Get used to it. In China, conservation is not a "personal virtue," as Dick Cheney would say. Today it is a necessity. It was so polluted in Beijing the other day you could not make out buildings six blocks away. That's the bad news. Here's the good news: China's leaders and business community know it. They know that as China grows more prosperous, and more Chinese buy homes and cars, it must urgently adopt green technologies; otherwise, it will destroy its environment and its people. Green technology will decide whether China continues on its current growth path or chokes itself to death. So green innovation is starting to mushroom in China.

And what's the U.S. doing as green technology is emerging as the most important industry of the 21st century? Let's see: the Bush team is telling our manufacturers they don't have to improve auto mileage standards or appliance efficiency, is looking to ease regulations on oil refiners and is rejecting a gas tax that would help shift America to hybrid vehicles.

We should be doing just the opposite: creating more pressures and incentives so our companies will innovate and dominate the next great industry. You think China is cleaning our clock now with cheap clothing? Wait a decade, when we'll have to import our green technology from Beijing, just as we have to import hybrid motors today from Japan.

Green China will be much more challenging than Red China. Look around the nine-story Ministry of Science and Technology building. Yes, a lot of cool things here are from Europe, and some are from the U.S.

But what about the porous pavement bricks, made of fly ash, a byproduct of coal combustion that allows storm water to flow through and be reabsorbed into the Beijing aquifer? Made in China. The photovoltaic panels that provide 10 percent of the building's electricity from sunlight? Made in China. The solar hot water system? Made in China. The soil substitute in the building's roof garden that is 75 percent lighter than regular dirt and holds three to four times more water per cubic foot? Made in China. The concrete building blocks filled with insulating foam that keeps you warmer in the winter and cooler in the summer? Made in China, by a U.S.-owned company. The water-free urinals? Made for the China market by a U.S.-owned company.

Jack Perkowski, who runs Asimco Technologies, the huge China-based auto parts maker, told me where this is heading: "As China moves from the second-largest market to the first in autos ... the industry here will have to come up with transport that is more affordable, fuel-efficient and environmentally sound."
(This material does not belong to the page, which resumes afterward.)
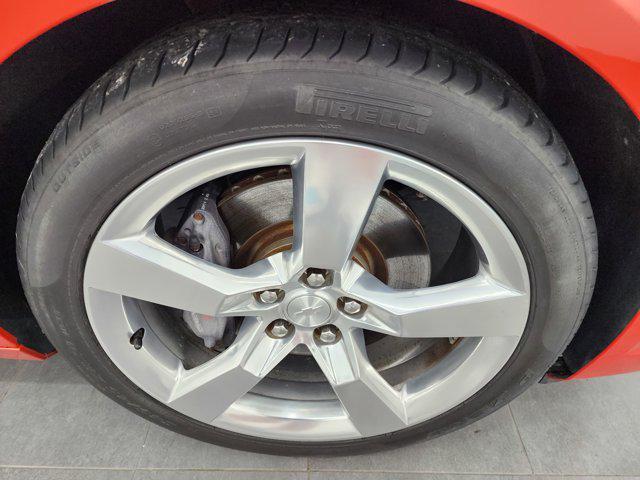 used 2010 Chevrolet Camaro car, priced at $29,999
As green technologies get adopted here and gain scale - Mr. Perkowski cited a Chinese auto company now rushing to develop a green diesel engine for passenger cars - the Chinese will set the standards for the world.

"So they will become technology exporters rather than importers," he said. And because of the unique needs of China and the fact that it will become the biggest market for any product, the Chinese will "innovate at their affordability level." Once they come up with low-cost solutions that work inside China, they will take them global at China prices.

The China Daily reported that China's 11th five-year plan, which starts soon, includes a program to sharply reduce China's energy usage per unit of G.D.P. by 2010. "To hit the target, a huge business potential will be open to investors," Zhou Dadi, director of China's top energy research institute, told a forum held by the paper.

"China is growing three times as fast as we are," Mr. Watson said, "[so] a lot of innovation is going to happen here, and once it is introduced [on the low-cost China platform] it is going to spread a lot faster. ... We are not the only source of innovation on the planet. The Japanese and Europeans are here in a big way, and they are giving their stuff away. ...

"We deserve to lose. We are clutching our past with these tremulous hands, and everyone else is vigorously grasping the future."